整整挨了一個小時的罵,站得我兩腿都發軟,腳板都疼了,老板這才熄火了。估計是罵累了,又見我一直低頭不語,神情恍惚,便不耐煩地擺了擺手,放我離開。

回到家,進了房間,我一頭栽在床上,一動也不想動,迷迷糊糊就睡了過去。

一天一夜沒睡,我是真困!白天工作的時候,好幾次差點談業務談得栽到電腦上……連喝了三杯咖啡都不管用。

醒來的時候,空氣涼颼颼的感覺很舒服。禁不住翻個身,想繼續睡。

蠶絲被從身上劃落,我詫異地發現自己**上身,床鋪和房間看起來眼生。

我揉了揉眼睛,這是咋了,睡覺睡魔怔了?

靠,這不是皮休的房間,我怎麽在他房間,跑他床上來了?拉開被子一看,何止是上身,整個**!

我蹭地一聲從床上坐起來,大腦一片空白。

這時候,房間的門打開了,皮休端著一杯水走了進來,估計沒留意我已經爬起來了,突然往床上一看竟然嚇了一跳,“你幹嘛呢,詐屍啊!”

“我怎麽在你房間,你把我怎麽著了?!”我緊拉著蠶絲被,將自己包裹住,虎視眈眈地看著皮休。

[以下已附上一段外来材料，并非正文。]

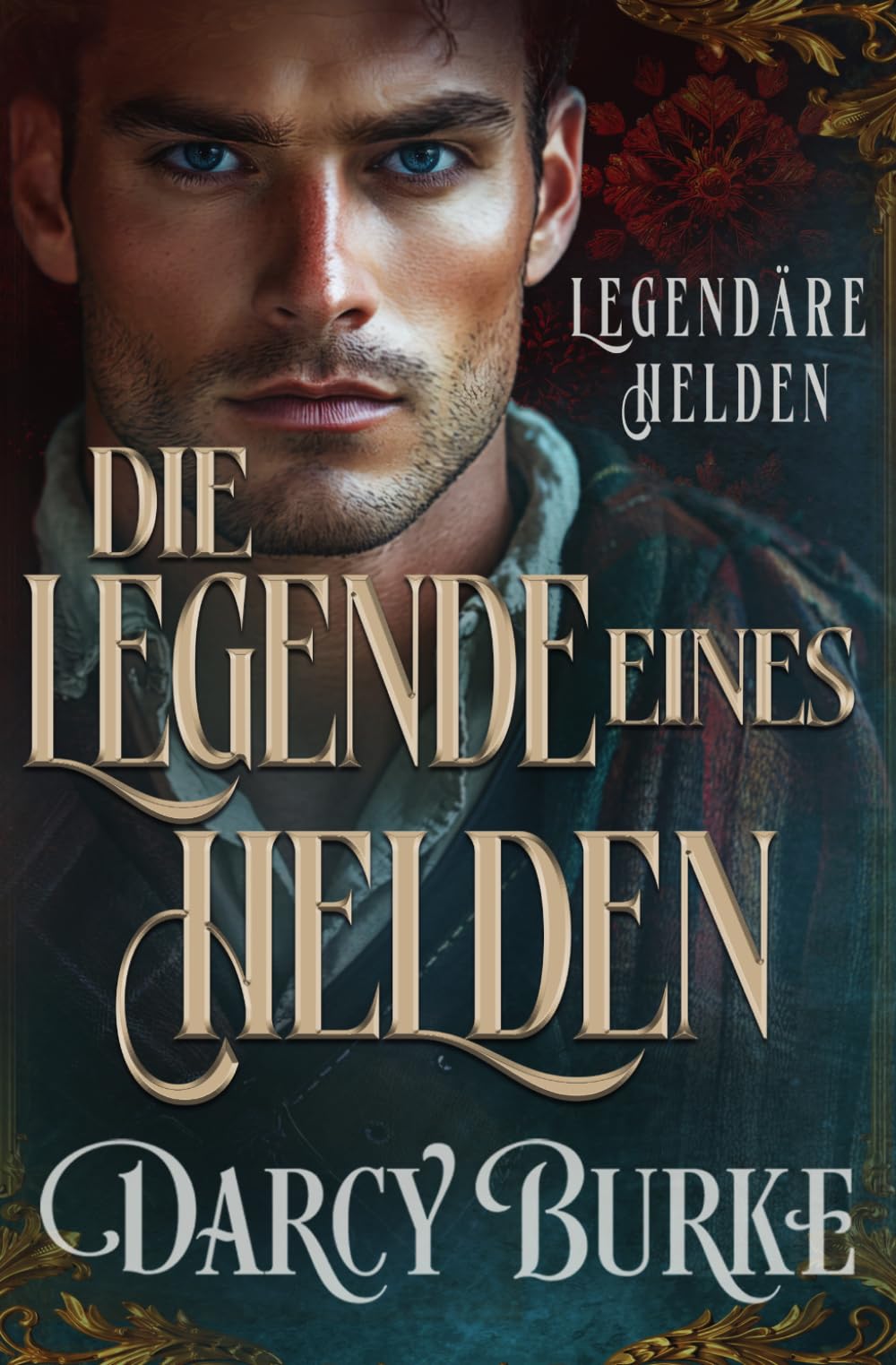 Die Legende eines Helden: 1 (Legendäre Helden)
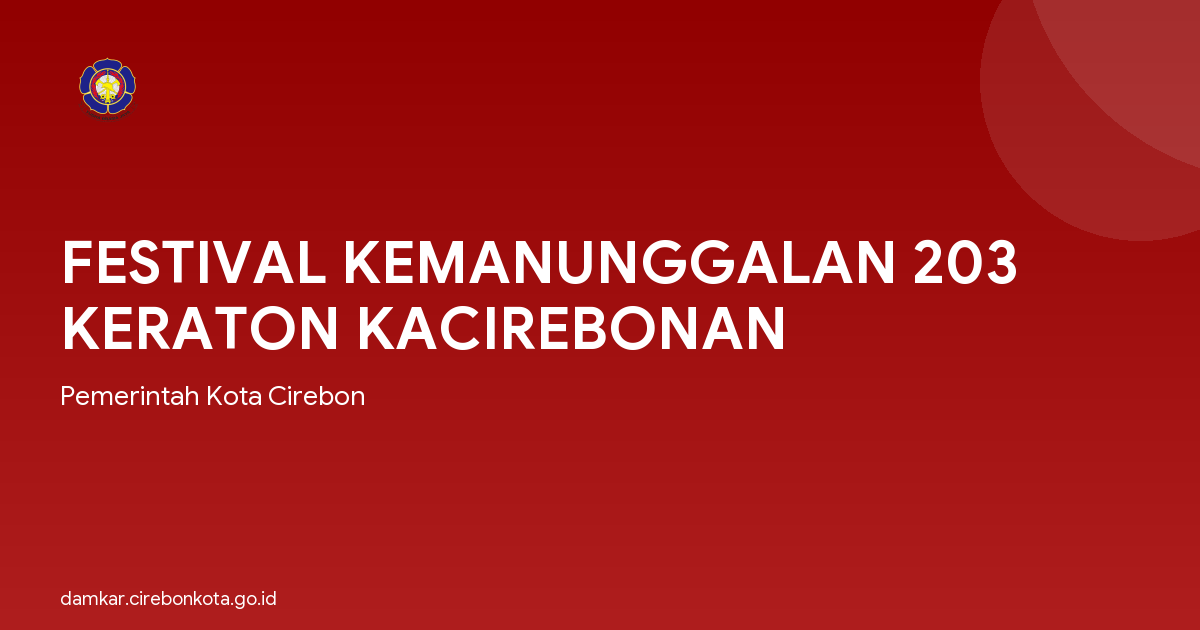FESTIVAL KEMANUNGGALAN 203 KERATON KACIREBONAN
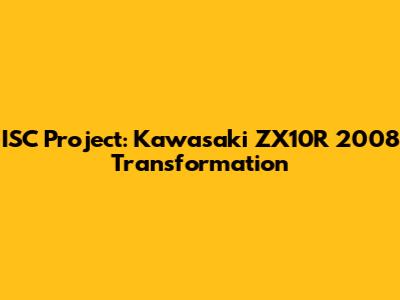 ISC Project: Kawasaki ZX10R 2008 Transformation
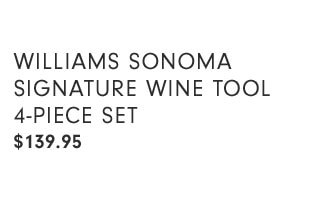 Williams Sonoma Signature Wine Tool 4-Piece Set $139.95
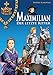 Produktbild Maximilian - Der letzte Ritter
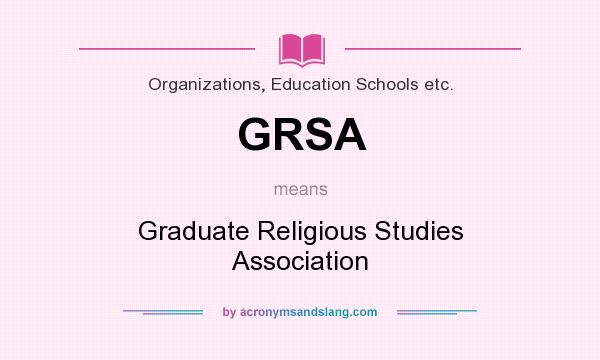 What does GRSA mean? It stands for Graduate Religious Studies Association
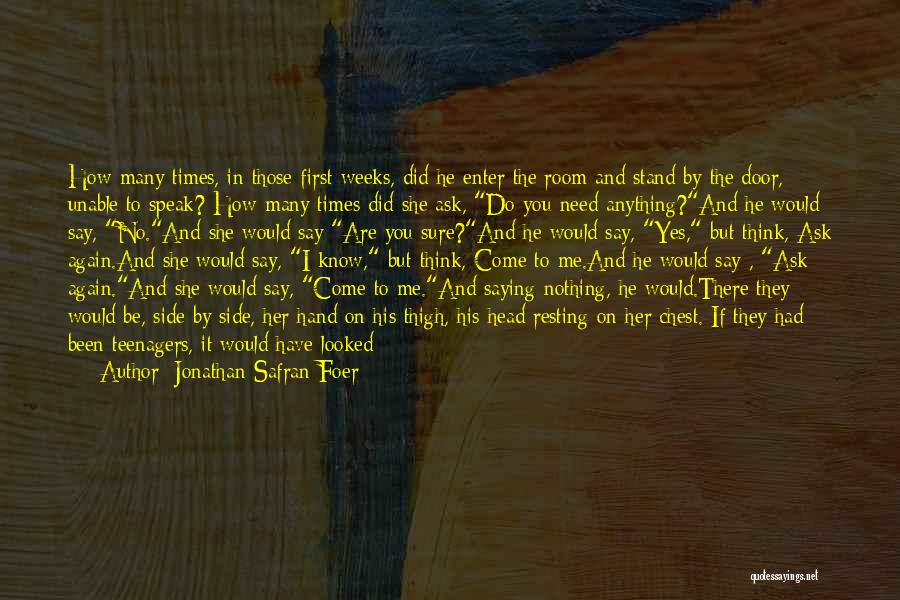 Jonathan Safran Foer Quotes: How Many Times, In Those First Weeks, Did He Enter The Room And Stand By The Door, Unable To Speak?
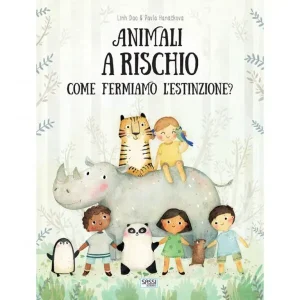 Animali a rischio, come fermiamo l’estinzione – linh Dao, Pava Hanackova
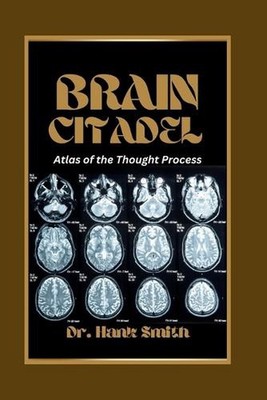 Brain Citadel: Atlas of the Thought Process by Dr Hank Smith Paperback Book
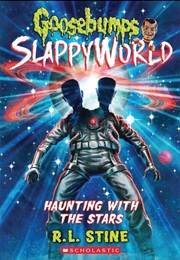 Goosebumps - Slappyworld - #17 - Haunting With the Stars (R.L. Stine)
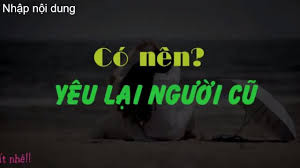 Lý do thà cô đơn cũng đừng yêu lại người yêu cũ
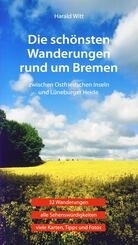 Die sch&ouml;nsten Wanderungen rund um Bremen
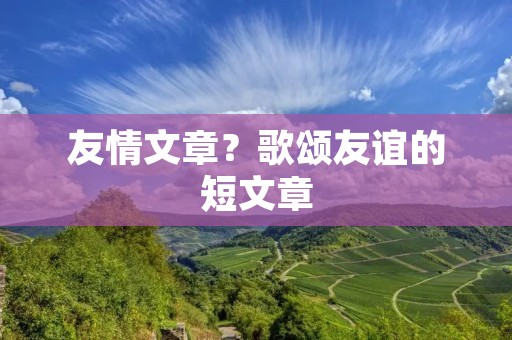 友情文章？歌颂友谊的短文章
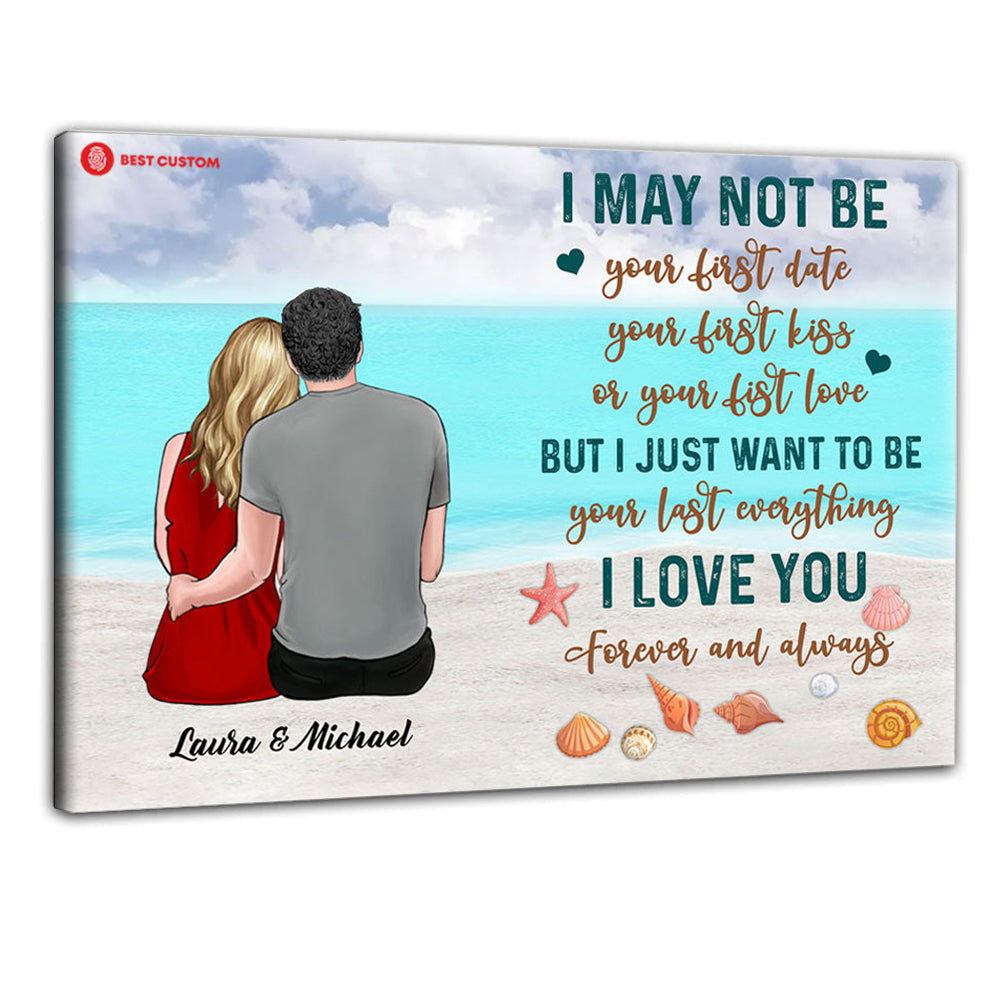 I Just Want To Be Your Last Everything - Personalized Canvas - Gift For Couple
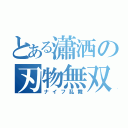 とある瀟洒の刃物無双（ナイフ乱舞）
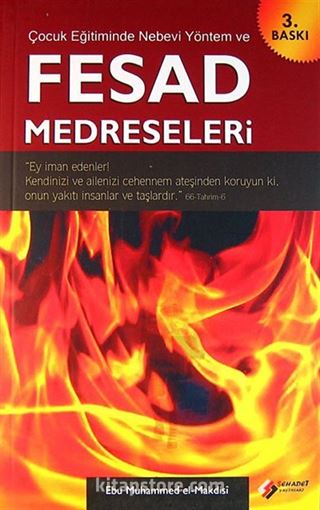 Çocuk Eğitiminde Nebevi Yöntem Ve Fesad Medreseleri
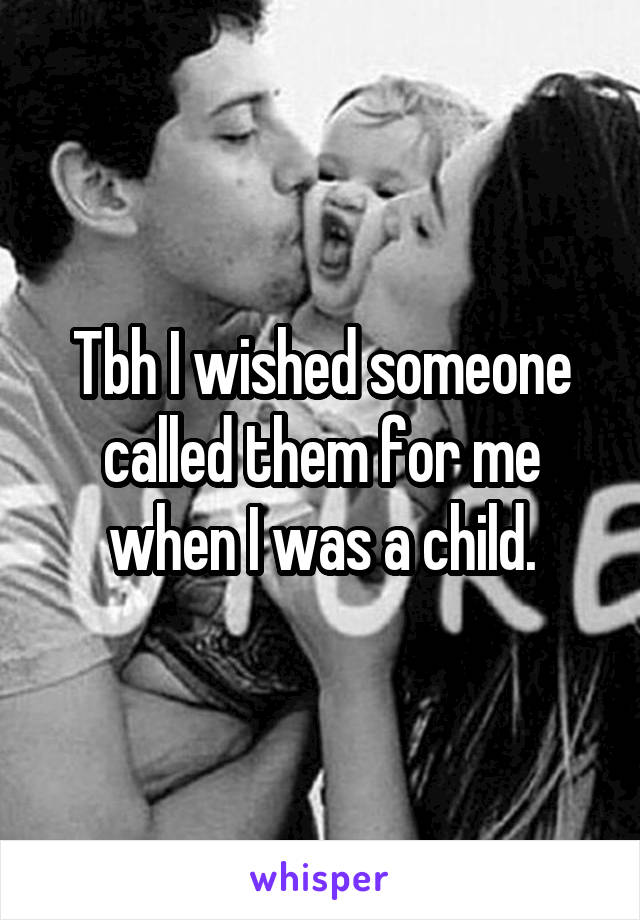 Tbh I wished someone called them for me when I was a child.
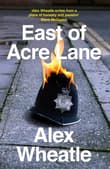 Book cover of East of Acre Lane
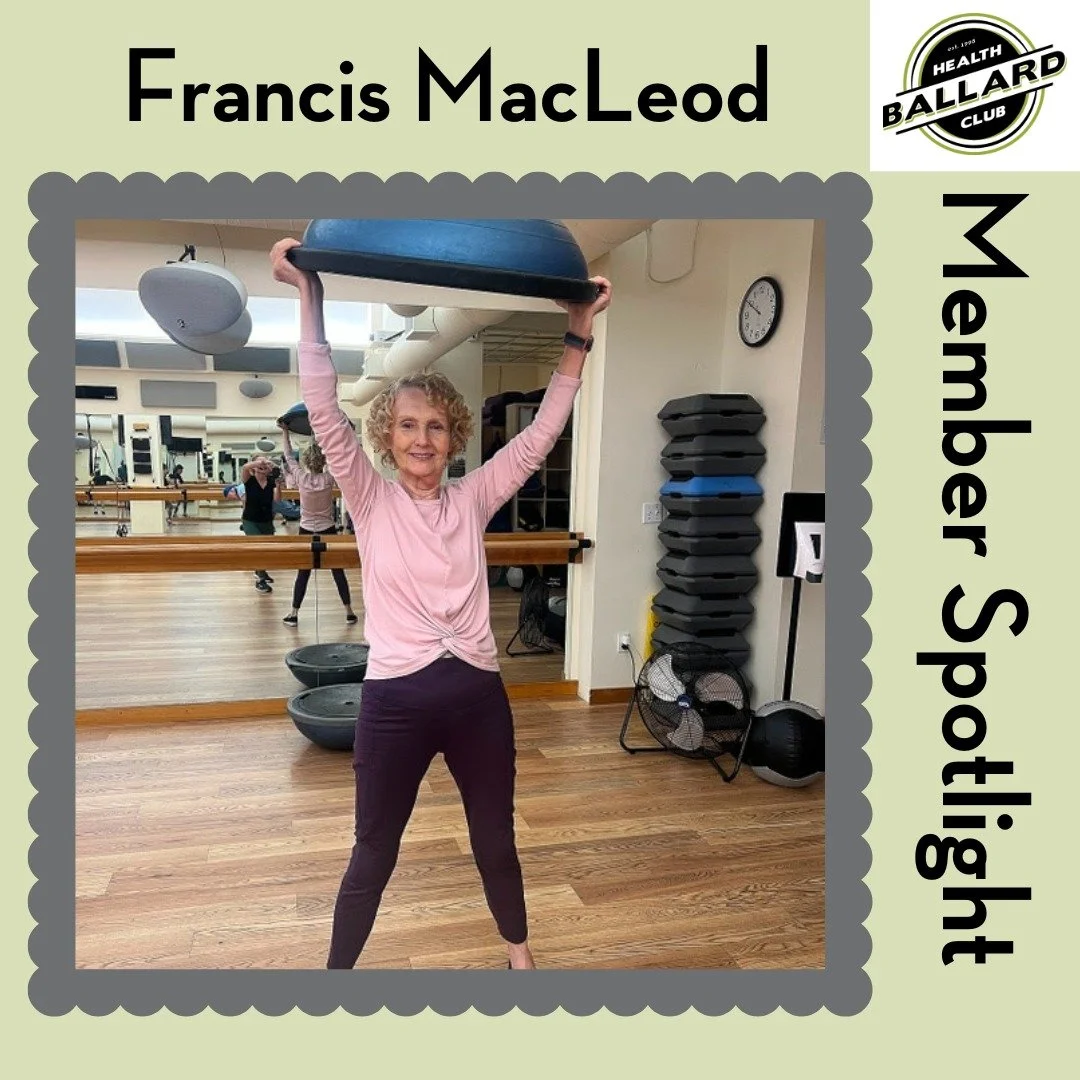 Member Spotlight: Frances MacLeod

Q: How long have you been a member at Ballard Health Club?

I&rsquo;ve been a member for five years.

Q: What motivates you to work out?

I work out because working out makes me feel good on top of keeping me fit an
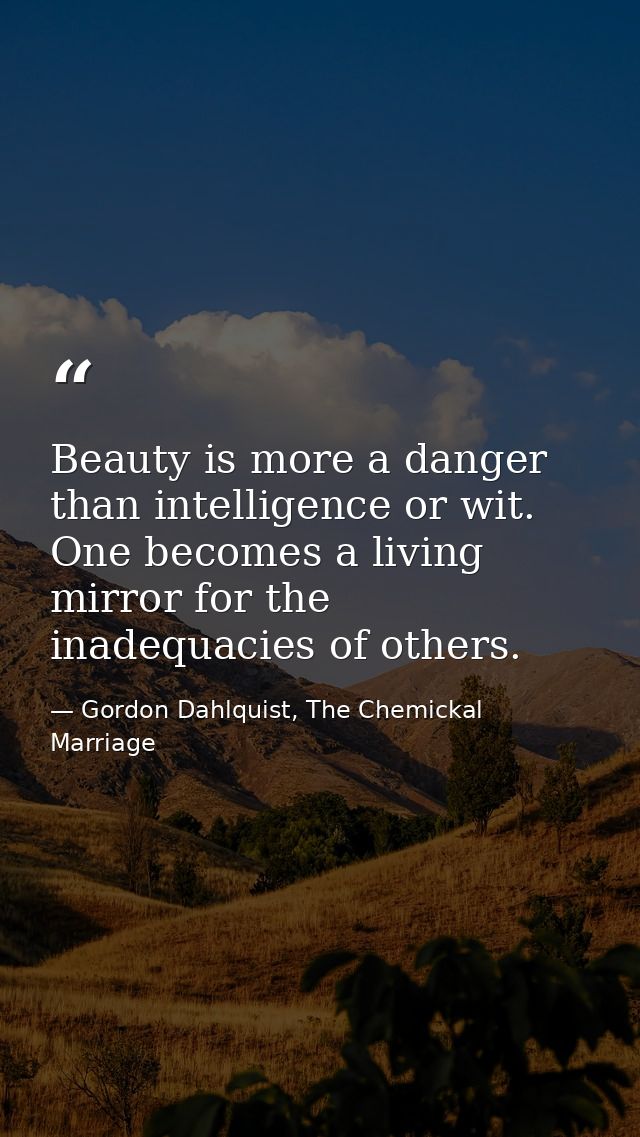 Beauty is more a danger than intelligence or wit. One becomes a living mirror for the inadequacies of others. — Gordon Dahlquist, The Chemickal Marriage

皮休啪地一聲見水杯放在床頭櫃上,“睡傻了你!我能把你怎麽著啊!”

“那我怎麽不在自己的房間!”我怎麽被弄到這裏來的,一點也記不起來了。

“你還想死在我房子裏啊!你昨天中暑了,知道不知道?要不是我發現得及時,你小子現在早在太平間裏躺著了,還能在這裏跟我乍毛!”

“我……中暑了?”難怪昨天一天那麽難受,頭暈惡心,四肢乏力,回來以後躺在床上,一點精神也沒有。

“把這支藿香正氣水喝了,還有這杯感冒衝劑。”

我這才明白是皮休將我搬到了有冷氣的房間,頓時對自己的無禮感到不好意思,但……他脫我衣服幹嘛?

“我有的,你都有,你臉紅個毛啊!快把藥吃了吧!阿嚏!”皮休說著話打了個噴嚏,連清鼻涕都給帶出來了。

“你……你也病了?”我看向拿著手紙抹鼻涕的皮休,難怪剛才說話跟捏著鼻子似的,鼻音很重。

“這兩天空調開得太大,給凍的。”

好嘛!一個熱得中暑,一個凍得感冒!

看著皮休將打開的藥塞到我手裏,我隻好接過,喝了……苦的我齜牙咧嘴的,趕緊又把感冒衝劑給喝了,喝完以後,覺得不對勁,就抬頭看皮休,“你感冒,我喝什麽感冒衝劑?”

這家夥不會把藥弄混了吧!

“你是熱感冒,我是冷感冒能一樣嗎?”皮休說著話,伸手摸過來。

我條件反射地往後退,皮休一把將我抓住,摸我的額頭,“沒發燒啊!你就別嚇唬我了!做你房東,容易嗎我!”

原來隻是試體溫,都是在公園廁所遇到的那幫流氓把我給嚇的,現在看見男人向我靠近就害怕!

想到皮休不僅將我從刑警大隊撈出來,還救了我的命,這兩天自己的態度不太好,就不好意思道,“皮休,對不起,我那天不是故意發火……”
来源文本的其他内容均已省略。